Meu vizinho toca trombone. Pela
primeira vez tenho achado tocante: um instrumento de sopro e seu proprietário
resistindo à tristeza que chegou como brinde do isolamento. Antigamente tinha
bode dele. Pensava que era devido aos gostos musicais diversos. E quem me vê falando assim pensa que mudei a
percepção há um baita tempo. Foi só desde a quarentena mesmo. Parece que só a
impossibilidade de ligar na portaria e perguntar qual o apartamento eruditamente
musical para entregar couvert artístico já nos aproxima. Talvez só o medo de
adoecer ou perder um ente querido nos refresque a memória que na hora desse
frio na espinha, estamos todos na mesma roubada.
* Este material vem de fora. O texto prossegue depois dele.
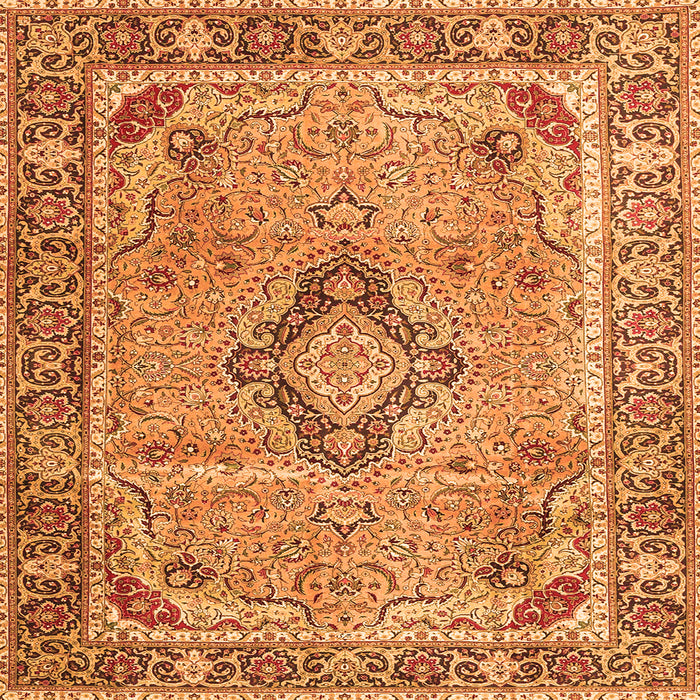 Round Machine Washable Persian Orange Traditional Area Rugs, wshtr4782org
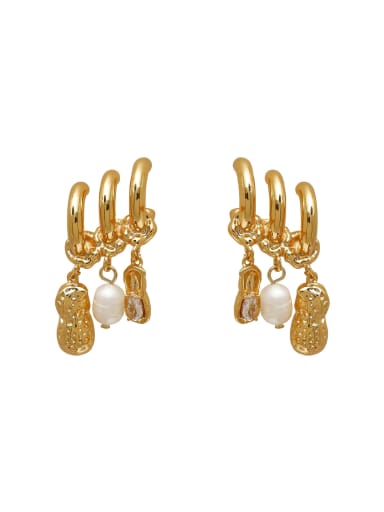 Brass Cubic Zirconia Irregular Vintage Huggie Earring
Cruzei o prédio dele na caminhada
para espantar a melancolia. O jardim que plantamos no conjunto em que moro permite
que andemos sem tanta exposição. Os vizinhos também têm se distanciado nos
encontros involuntários. E pela primeira vez sou grata à quebrada em que vivo.
A raridade das saídas é tanta que tenho exercitado fortemente a imaginação,
tentando fazer de conta que o córrego perto não carrega sofás, material de
construção e esgoto. As andanças têm sido contemplativas. Não sei até que ponto
ajudarão no condicionamento.
Não é só essa caminhada que virou um
evento. Uma amiga de estudos enviou um vídeo em que a pessoa se montava para
jogar o lixo, como quem vai à festa. Pensei que demoraria mais para chegar a
esse ponto, mas estava praticamente negociando toda fast food restante para o
marido me deixar escapulir rapidamente. Como tenho asma, ele tem se predisposto
a resolver lá fora a maior parte das questões. Não subi no salto para ajudar a
encher a lixeira, mas saí achando a rua linda, as árvores incríveis e as
pessoas uma simpatia. Me senti como minha finada avó que elogiava todos os
amigos e nomes de quem apresentávamos. Encontrei o jovem vizinho. Ficamos
conversando como se tivessem saias de bailarinas entre nós, mantendo uma distância
saudável e criativa. Nem sei se noutra ocasião prosearíamos tanto. Mas de
repente as pessoas com as quais trocávamos cumprimentos secos, ao nos cruzarmos
nos corredores nesta quarentena, se não fosse perigoso nos abraçaríamos
empolgadamente. Lembrando do vírus, obviamente nos contemos.
E a saga na rua com rápidas saídas
segue... Consegui barganhar uma escapadela com meu companheiro e fomos à feira
semanal. Como descartei as últimas máscaras ganhas da dentista, improvisei
proteção com uma bandana amarrada ao rosto. Soa meio bandida estilosa e também
usava pra escrever na lousa sem falta de ar lá no trabalho. Antes do
adiantamento do recesso, claro! Nunca um pastel na esquina foi tão empolgante!
Aumentaram a distância dos clientes aos feirantes com faixas. E mesmo nas filas
as pessoas não ficam mais no nosso cangote. Sentamos no banco da rua e vimos as
luzes do shopping na cidade ao lado. Deve estar fechado. Sabemos que prevenimos
riscos para nós e os outros, mas lembra as mais aterrorizantes séries distópicas.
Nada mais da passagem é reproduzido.